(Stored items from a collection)
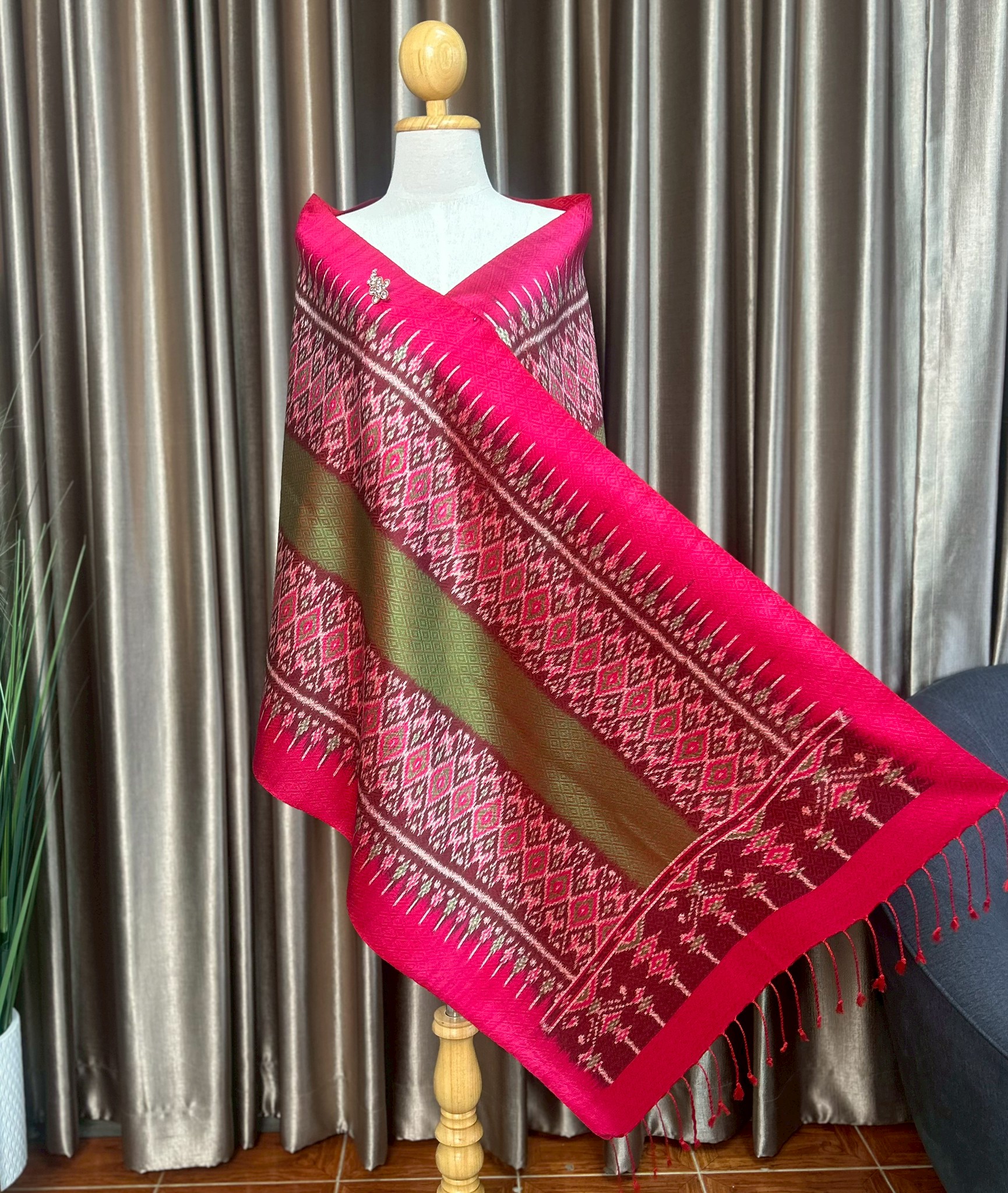 ผ้าคลุมไหล่ ผ้าไหมทอยกดอก ขนาด 60x200ซม.ลายมัดหมี่ มีหน้านางชายครุย สีชมพู รหัส L5A-PK-0910681304
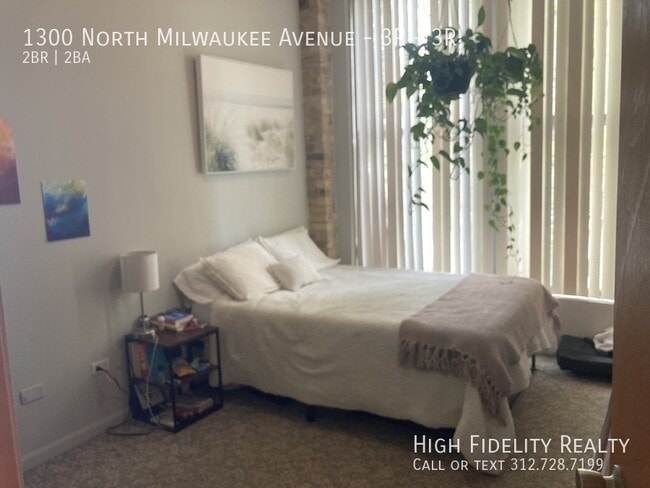 Foto del edificio - 1300 N Milwaukee Ave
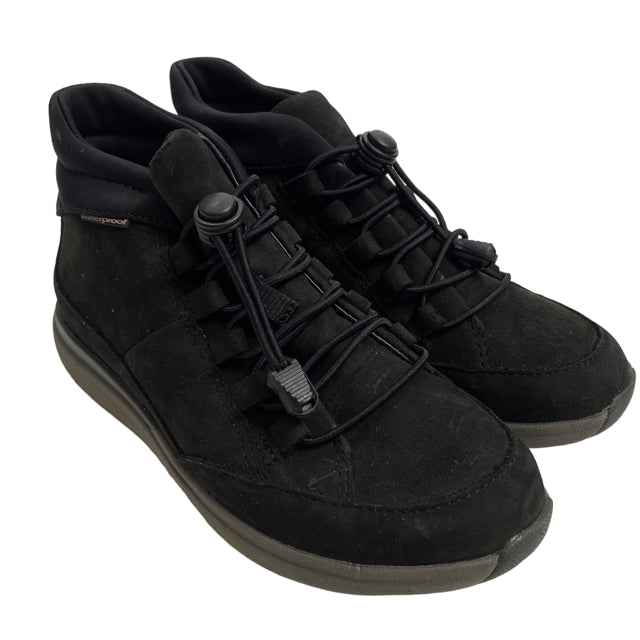 CLARKS Size 5 1/2 Black Laced SHOE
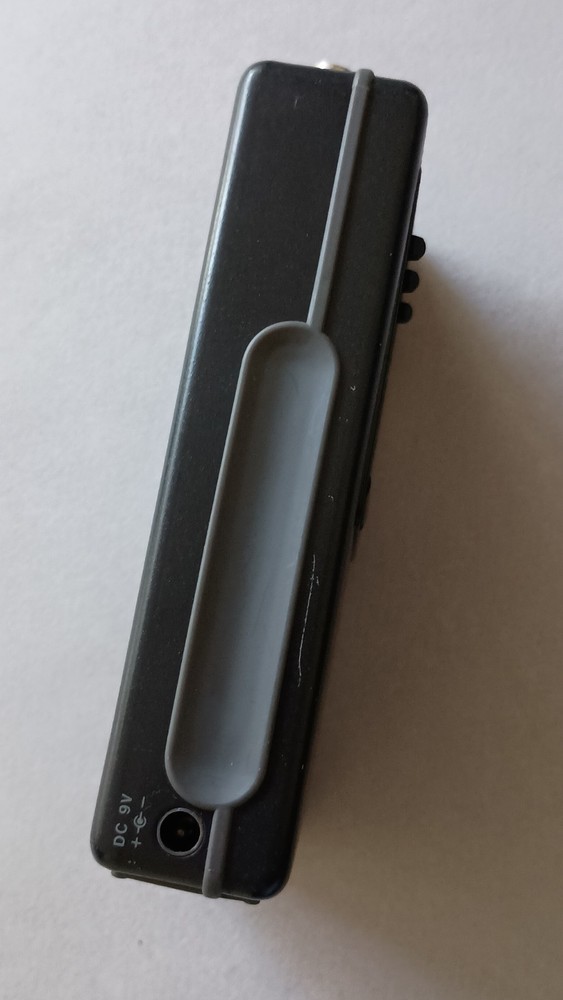 Radio Shack LCD RF Frequency Counter 22-306 (Powers up - Untested)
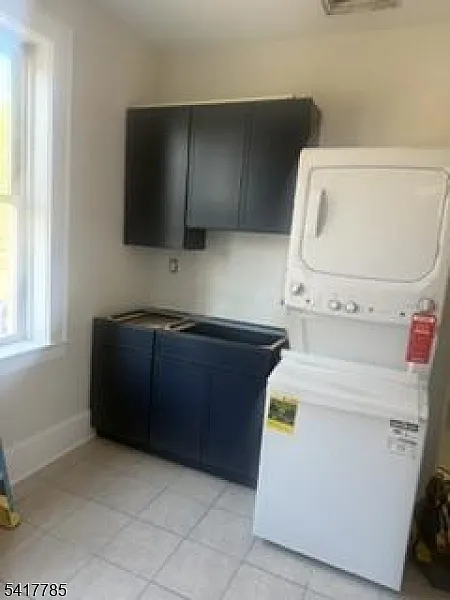 1 bed, 1.0 bath, $2,285 — Photo 2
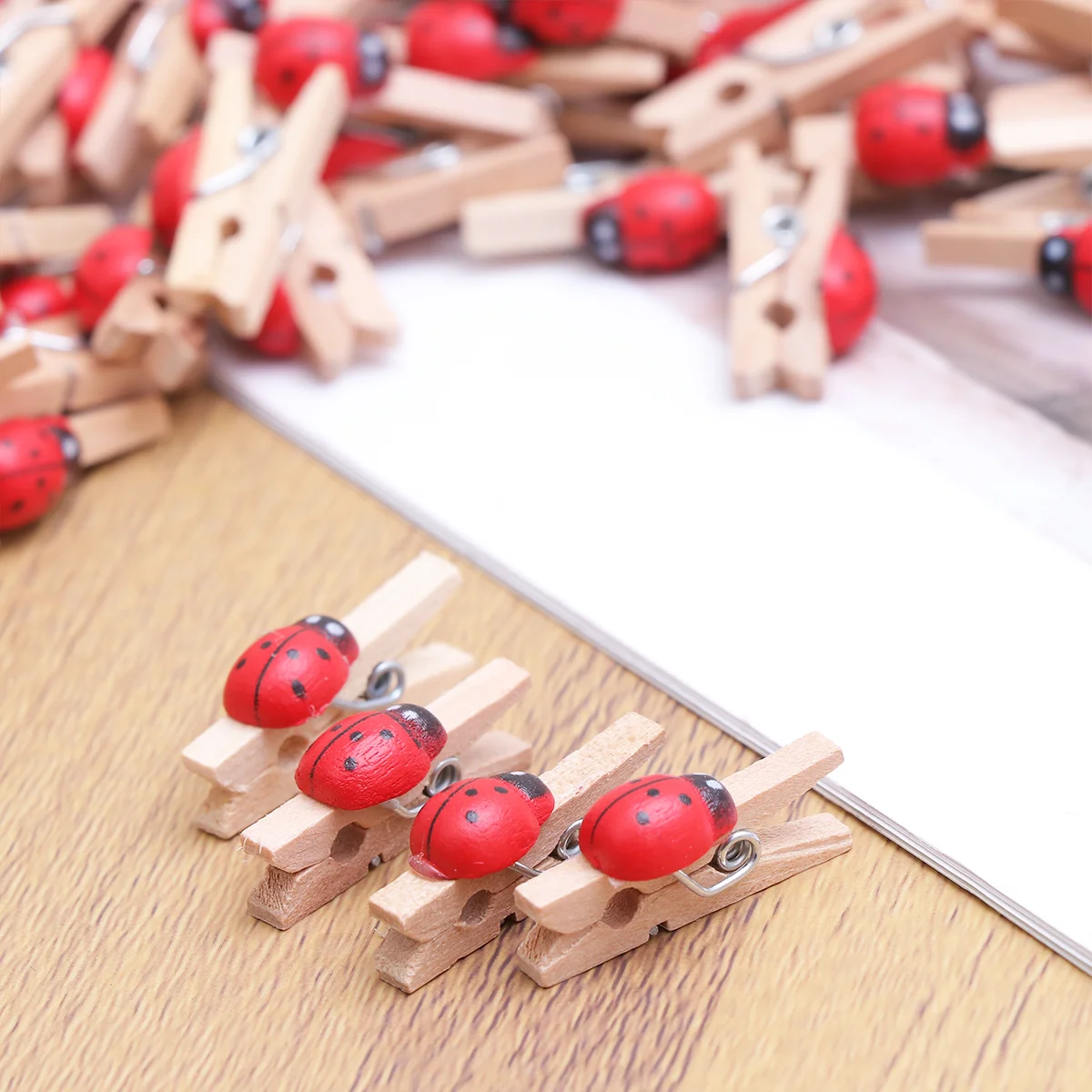 100 Pcs Small Ladybug Miss Nails Decoration Clothespins Pictures Wooden Bamboo Hanging Holder Lovely Photo Clip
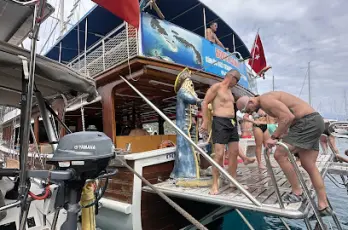 Doruk Deniz Tur Teknesi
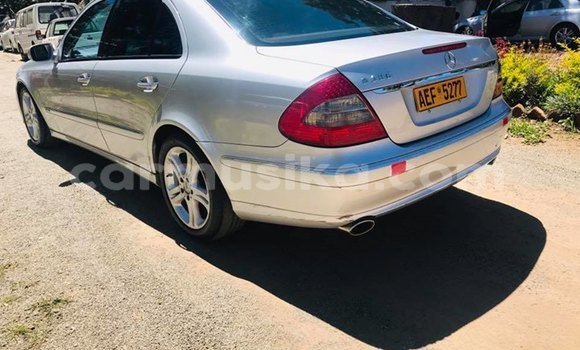 Tenga Tsaru Mercedes‒Benz E–Class Sirivha Mota in Harare in Harare Tenga Tsaru Mercedes‒Benz E–Class Sirivha Mota in Harare in Harare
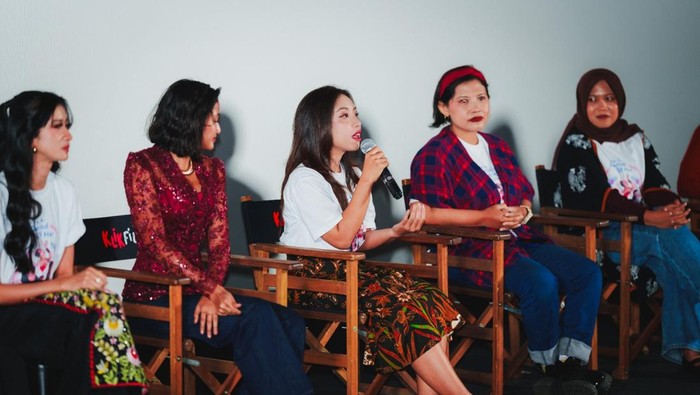 Jakarta World Cinema 2025 Empat sutradara perempuan, yakni Erlina Rakhmawati, Linda Andriyani, Praditha Blifa, dan Sarah Adilah hadirkan film omnibus di JWC 2025.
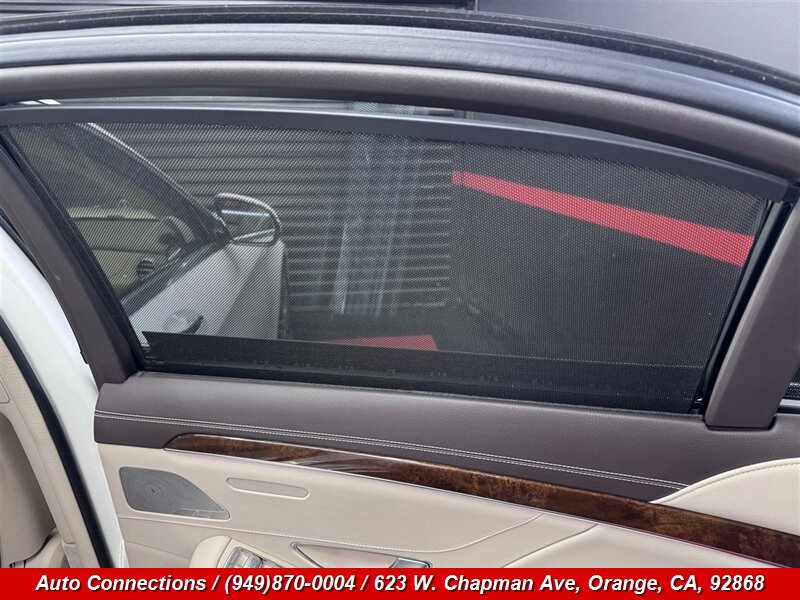 Used 2015 Mercedes-Benz S 550 Sedan image 31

-- Exercise goal --
The answer consists of the lines from the one holding "100 Pcs Small" to the end of the records, inclusive, restated exactly and without pictures.

-- Reply to the exercise --
 100 Pcs Small Ladybug Miss Nails Decoration Clothespins Pictures Wooden Bamboo Hanging Holder Lovely Photo Clip
 Doruk Deniz Tur Teknesi
 Tenga Tsaru Mercedes‒Benz E–Class Sirivha Mota in Harare in Harare Tenga Tsaru Mercedes‒Benz E–Class Sirivha Mota in Harare in Harare
 Jakarta World Cinema 2025 Empat sutradara perempuan, yakni Erlina Rakhmawati, Linda Andriyani, Praditha Blifa, dan Sarah Adilah hadirkan film omnibus di JWC 2025.
 Used 2015 Mercedes-Benz S 550 Sedan image 31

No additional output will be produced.